Namun sayang, benih konflik dualisme di tubuh Persebaya mulai muncul yang membuat Fandi akhirnya memilih hengkang dari klub yang membesarkan ayahnya ini. Ia bergabung ke Persela.

Di tim berjulukan Laskar Joko Tingkir inilah nama Fandi mulai berkibar. Dia menyabet penghargaan Pemain Terbaik ISL U-21 2011. Fandi lantas ditarik untuk menjadi penggawa Persela di level senior.

Debut di Persela adalah awal perjalanan kariernya sebagai pemain profesional.

Fandi bahkan sempat mendapatkan panggilan timnas Indonesia U-23 saat masih di Persebaya pada 2012 serta mentas bersama tim Pekan Olahraga Nasional (PON) Jawa Timur di tahun yang sama.

Suasana Baru

Tiga musim membela klub Surabaya (Persebaya dan Bhayangkara FC) membuat Fandi merasa butuh suasana baru sehingga memilih hengkang dan menerima pinangan Madura United. Dia juga berkeinginan memburu gelar juara Liga Super Indonesia (LSI) 2017.

“Tak ada masalah di Bhayangkara FC. Saya cuma ingin suasana baru. Tentu saja juga ingin meraih gelar juara bersama Madura United,” ucapnya.
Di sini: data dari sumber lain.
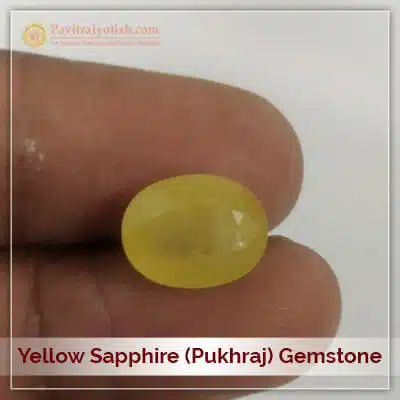 Natural Pukhraj Yellow Sapphire Gemstone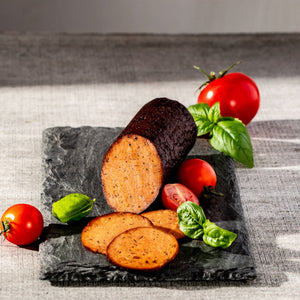 Tomato Basil Vegami. Best Vegan Salami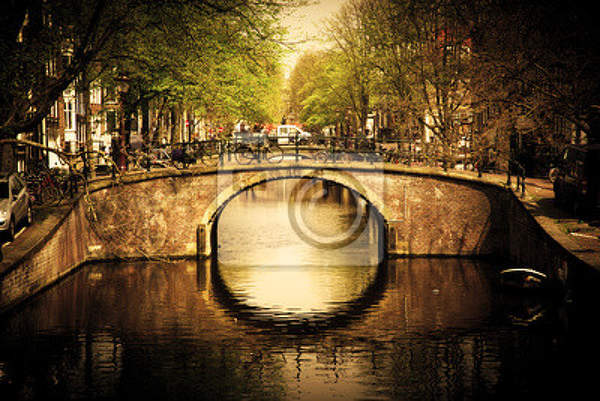Фотообои - Романтический мост в Амстердаме артикул 10002912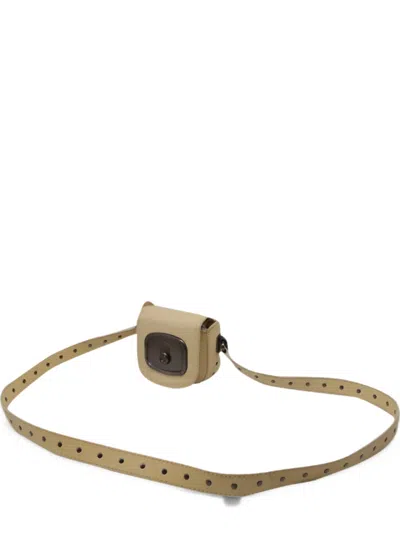 Pre-owned Celine Flap Crossbody Bag In Neutrals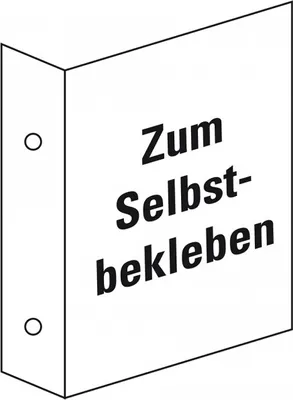 Produktbild von Dreifke® Schild I Rettungszeichen Fahnenschild, blanko, Kunststoff, 200x200mm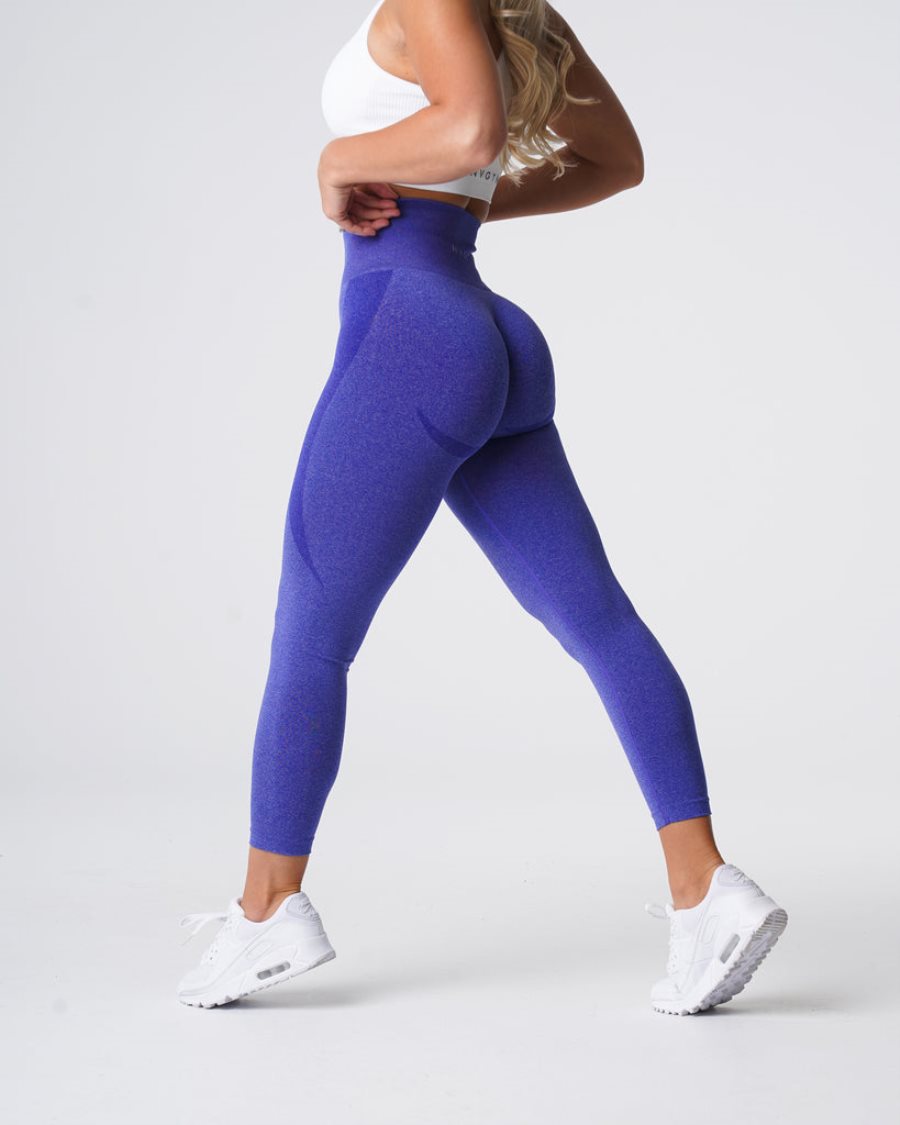 Leggins NVGTN Contour Seamless Mujer Azules España | OjqgqHna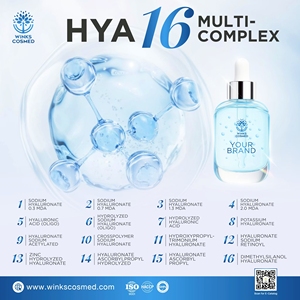 Suero Facial Hidratante con Ácido Hialurónico y Extractos Naturales, Marca Privada OEM, Logotipo Personalizado, Caja de 10 ml, Cuidado Hidratante Diario - Product Image 3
Selain itu, di Madura United juga banyak pemain senior yang membuatnya lebih yakin untuk bergabung. Keberadaan dua gelandang Madura United, Slamet Nur Cahyo dan Asep, eks rekan setimnya dulu di Persebaya, bak cambuk pribadi buat Fandi.

Dia sama sekali tidak menganggap kedua nama itu sebagai pesaing. “Justru keberadaan Slamet dan Asep bisa membantu saya lebih cepat beradaptasi," ujarnya.

Kehidupan mapan dari pesepak bola juga patut disyukuri Fandi. Ini berarti keputusannya mengubur mimpi menjadi arsitek beberapa tahun lalu terbukti tidak sia-sia.

“Dulu misalnya gagal jadi pesepak bola profesional, mungkin sekarang saya bertitel arsitek. Menurut saya arsitek itu seni, sama seperti bermain sepak bola,” ujar Fandi disertai senyum.